Solicitado categoricamente a negar as acusações, o líder do Reform UK disse: “Eu nunca, jamais, faria isso de uma forma ofensiva ou insultuosa”, acrescentando: “Eu tinha acabado de entrar na adolescência. Posso me lembrar de tudo o que aconteceu na escola? Não, não posso.”
Farage disse que nunca fez parte de uma “organização extremista” e não se envolveu em “abuso pessoal direto e desagradável”.
Pressionado ainda mais, Farage disse que quaisquer comentários inadequados que ele fez “não foram intencionalmente”.

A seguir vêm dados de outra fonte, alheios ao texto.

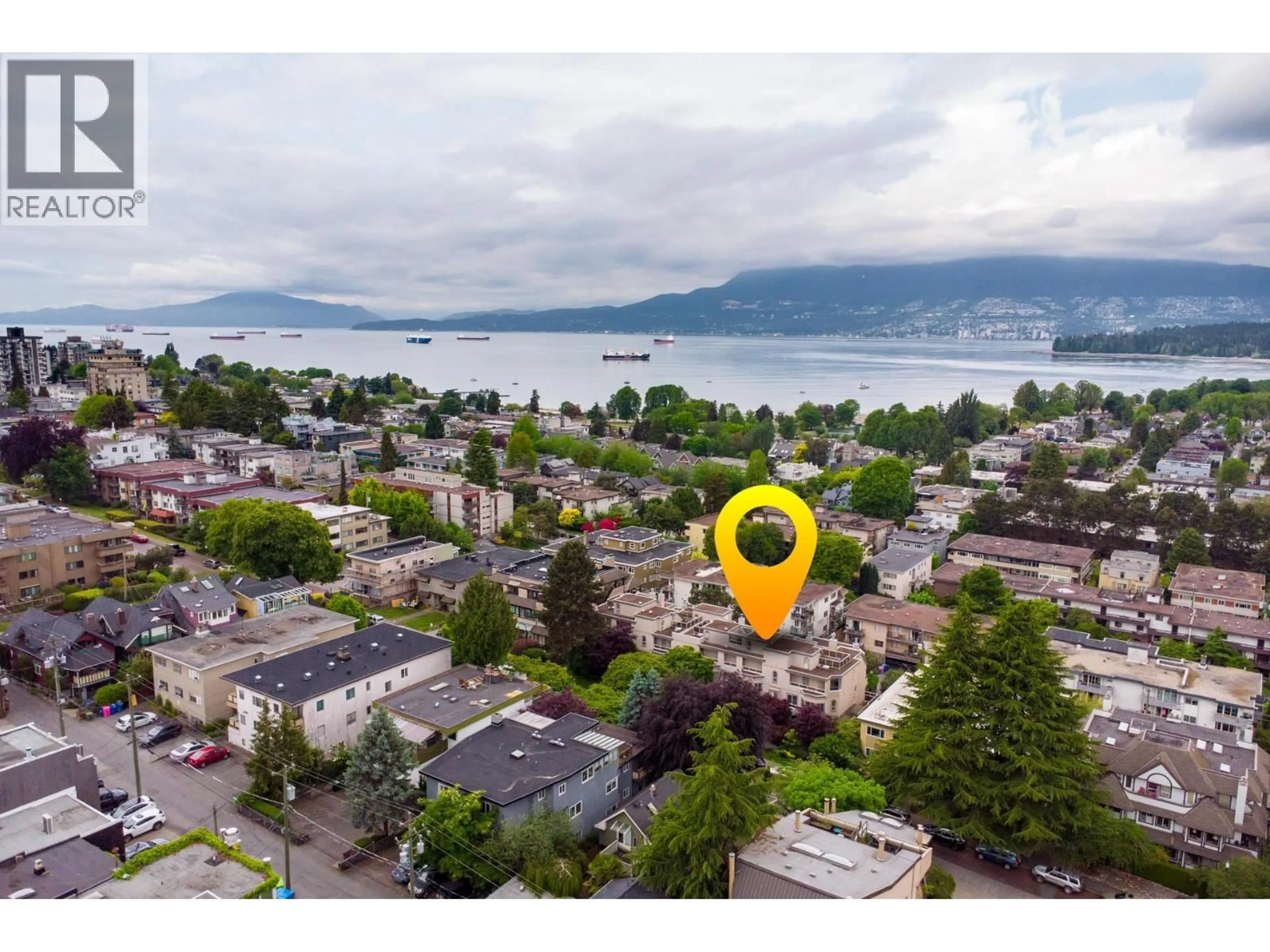 A pic from outside/outdoor area/front of a property/back of a property/a pic from drone, water/lake/river/ocean view for 202 - 2057 3RD AVENUE, Vancouver British Columbia V6J1L4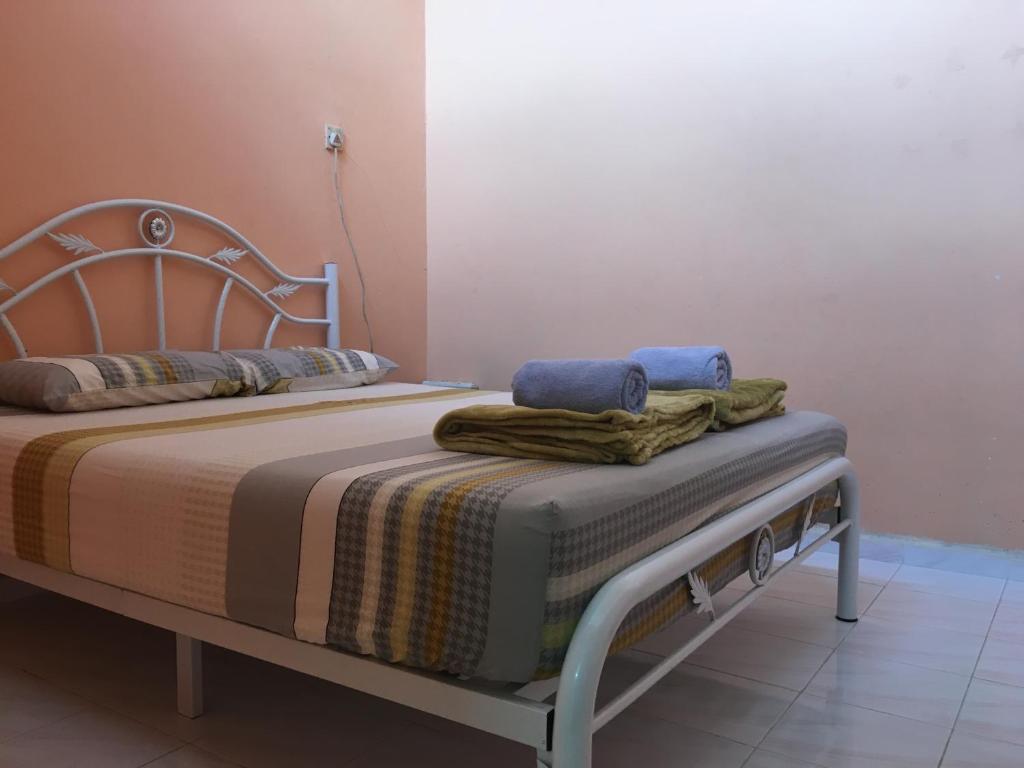 Una cama con dos toallas encima. en Homestay Abdul, en Kampung Banggul Gucil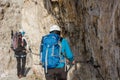 Pair of climbers walking on narrow ledge.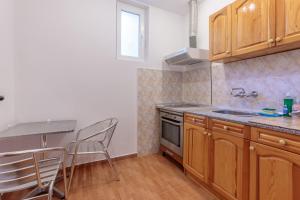 a kitchen with wooden cabinets and a table and chairs at SeaSide Guest Rooms in Burgas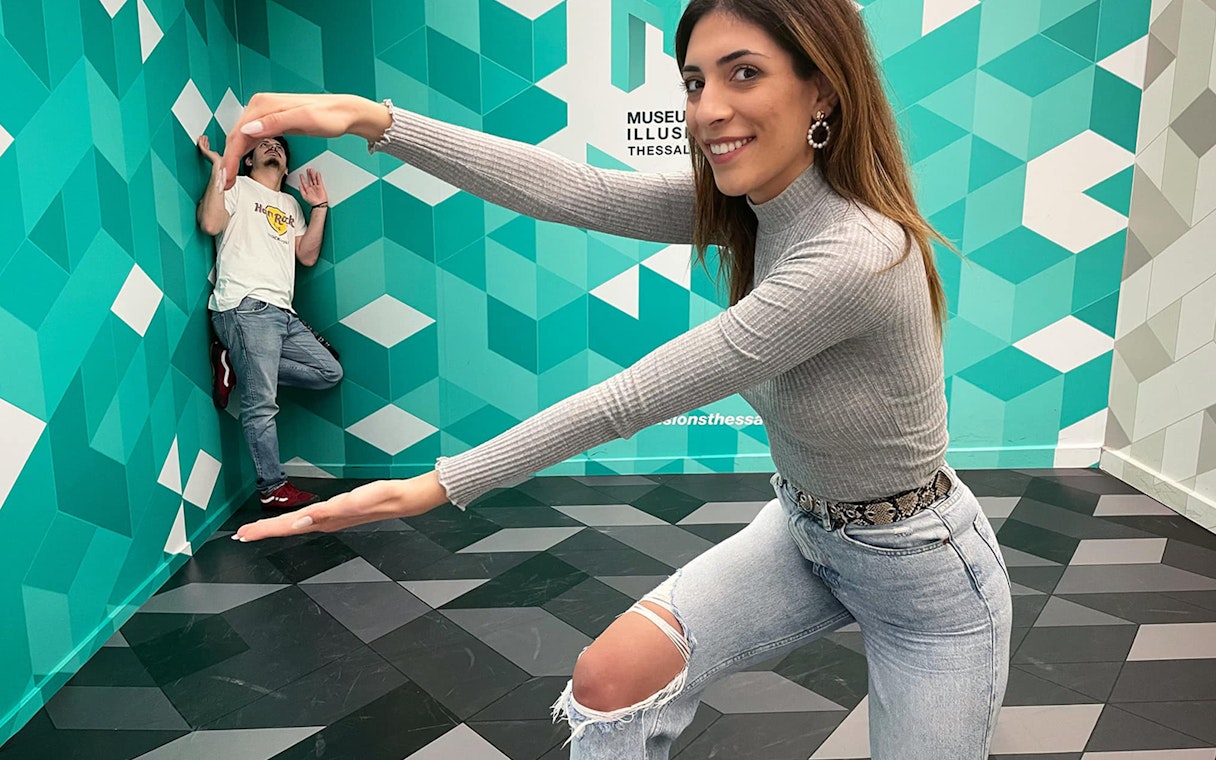 Visitors interacting with an optical illusion at the Museum of Illusions in Thessaloniki.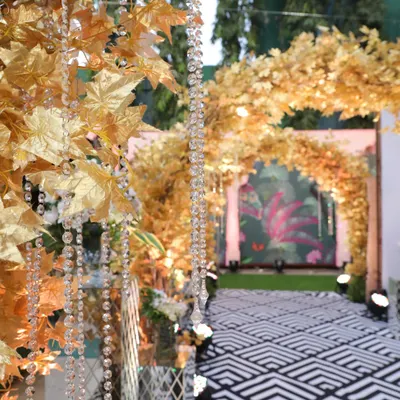 We created this enchanting golden forest entryway for a Sangeet night. The crystal strings and warm lights made guests feel like they were stepping into another world.
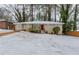 Brick ranch home with a snow-covered yard at 3426 Glensford Dr, Decatur, GA 30032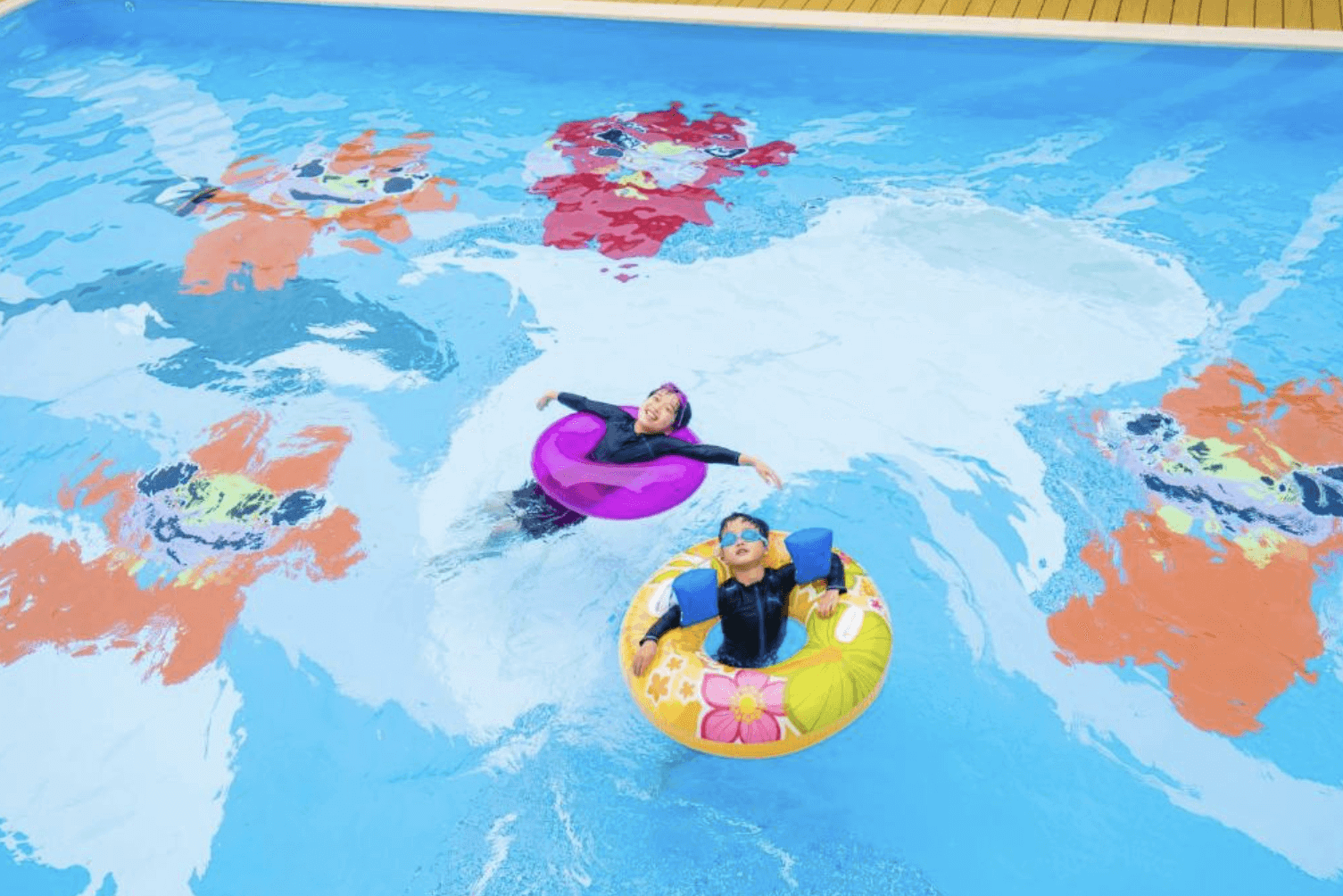 【那霸住宿】海洋飯店戶外泳池 — 兩名兒童在泳池中使用彩色游泳圈漂浮，池底印有卡通圖案，氣氛歡樂。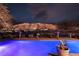 Stunning pool with mountain views at night at 2475 Grassy Spring Pl, Las Vegas, NV 89135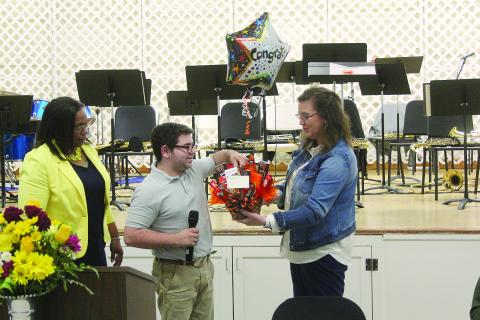 Pine Prairie Principal Alice Lejeune (right) presents a gift basket to Nicholas Stelly (center) in recognition of him being named Outstanding Work Based Student of the Year. Also pictured is Transition Specialist Dot Doulet (left). (Gazette photo by Tony Marks)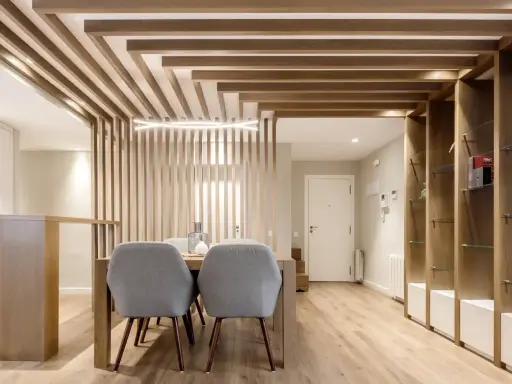 Comedor moderno con separador de listones de madera y estanterías. Preguntarse cuanto se tarda en tirar un tabique es irrelevante aquí.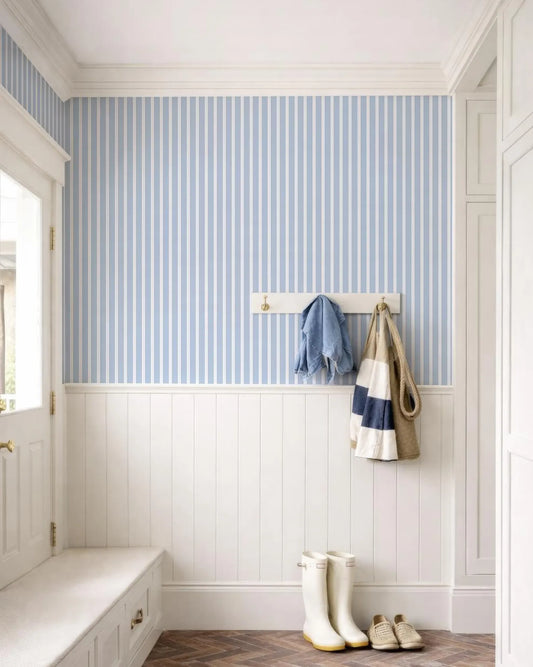 a well-organized entryway with a white bench, a coat rack with a jacket and a bag, and a pair of white rain boots. The walls are covered in blue and white striped wallpaper, and the floor is made of wood.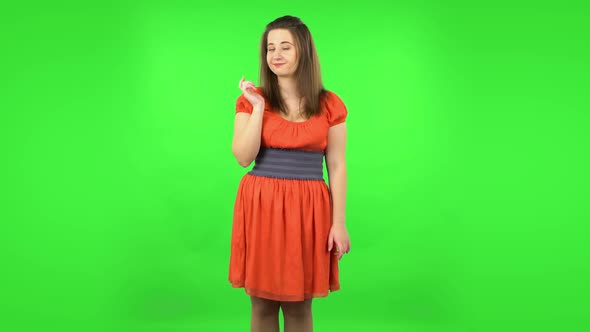 Cute Girl Coquettishly Smiling, Waving Hand and Showing Gesture Come Here. Green Screen alt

“Eu disse coisas há 50 anos que você poderia interpretar como uma brincadeira em um playground, que você poderia interpretar à luz do dia moderno de alguma forma? Sim”, ele admitiu. “Eu
alguma vez foi mal falado na minha vida, na minha juventude, quando eu era criança? Provavelmente.”
É um momento perigoso para o populista Farage, que construiu o seu apelo em torno de ser um falador franco.